Toornstra: van bankzitter tot onmisbare schakel
In Enschede keek niemand vreemd op toen Giovanni van Bronckhorst op zondag 5 februari Jens Toornstra op de bank zette. De middenvelder was het slachtoffer van de terugkeer van Karim El Ahmadi, die met Marokko aan de Africa Cup had meegedaan. Voorin mochten Eljero Elia, Nicolai Jørgensen en Steven Berghuis het de Twentse verdedigers lastig maken, met in hun rug hulp van Dirk Kuyt.
Zonder morren nam Toornstra plaats in de dug-out, totdat hij iets minder dan een half uur voor tijd mocht invallen. Dankzij zijn loopvermogen liep de tegenstander al snel met de tong op de schoenen.
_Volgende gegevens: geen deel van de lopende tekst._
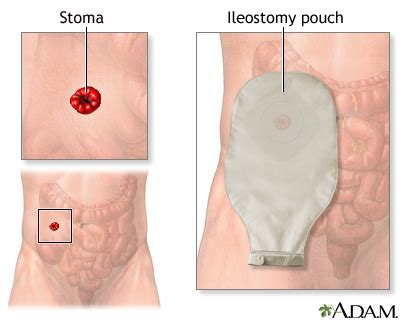 Ileostomy - UF Health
Het was dan ook geen toeval dat Feyenoord in het laatste kwartier twee keer toesloeg.
Steunpilaar
Sindsdien is Toornstra niet meer uit de basis weg te denken en is het doorgaans aanvoerder Kuyt die het kind van de rekening is op momenten dat de trainer alle spelers tot zijn beschikking heeft. Want net als El Ahmadi is de 28-jarige Leiderdorper een van de belangrijkste steunpilaren van de koploper geworden. Naast zijn loopvermogen weet hij als geen ander tussen de linies te spelen en staat hij met veertien doelpunten gelijk aan bijvoorbeeld Ajaxspits Kasper Dolberg.
Ook op Eerste Paasdag was hij weer trefzeker. Tegen zijn ex-werkgever FC Utrecht was hij vlak na rust verantwoordelijk voor de bevrijdende 1-0. „Dat is voor mijn doen behoorlijk productief”, aldus de aanvallende middenvelder, die nog nooit zoveel competitiedoelpunten in een seizoen maakte. Er zaten een aantal wonderschone treffers tussen. „Ik train er niet extra op of iets dergelijks. Ze vallen gewoon lekker voor me, denk ik. Ik heb een paar mooie goals gemaakt, maar af en toe stond ik gewoon op de juiste plaats. Soms moet je een beetje geluk hebben.”
Voor de vijfde thuiswedstrijd op rij een treffer van @jenstoornstra. Lekker Jens! 🔴⚪️ #feyutr #Feyenoord pic.twitter.com/EftfnYjlGU
— Feyenoord Rotterdam (@Feyenoord) April 16, 2017
Toornstra zal altijd bescheiden blijven. En dienstbaar. De rol van rechtsbuiten vervullen? Geen probleem. Extra meters maken in de slotfase waarin een voorsprong moet worden verdedigd? Hop, daar gaat het loopwonder weer. Het zit in zijn voetbalgenen. „Ik ben geen andere voetballer geworden, sinds ik bij Feyenoord speel. Ik leg heel veel energie in een wedstrijd en ik loop veel om in de vrije ruimte te komen. Hier heb ik veel aan de rechterkant gespeeld, dus ik heb er een nieuwe positie bij gekregen. Verder is er niet veel veranderd, behalve dat ik beter ben geworden. Bijvoorbeeld in de kleine ruimte. Toen ik hier net speelde, had ik daar meer moeite mee, toen was het echt even aanpoten voor mij. Gelukkig heb ik nu een vast plekje veroverd.”
Vrede
Het enige wat dit seizoen op Toornstra is aan te merken is dat hij al zijn doelpunten in De Kuip maakt en niet daarbuiten. Met de uitwedstrijden tegen Vitesse en Excelsior voor de boeg is voor hem het ideale moment aangebroken om ook buitenshuis toe te slaan. Al zou hij er best vrede mee hebben als zijn trainer hem, net als toen in Enschede, weer eens op de bank zou zetten.
„Ik wil alles spelen, begrijp me niet verkeerd. Maar omdat ik dit seizoen al een belangrijke rol heb gespeeld, zou ik het nu makkelijker accepteren.” Waarschijnlijk is er geen haar op het hoofd van Van Bronckhorst die daaraan denkt.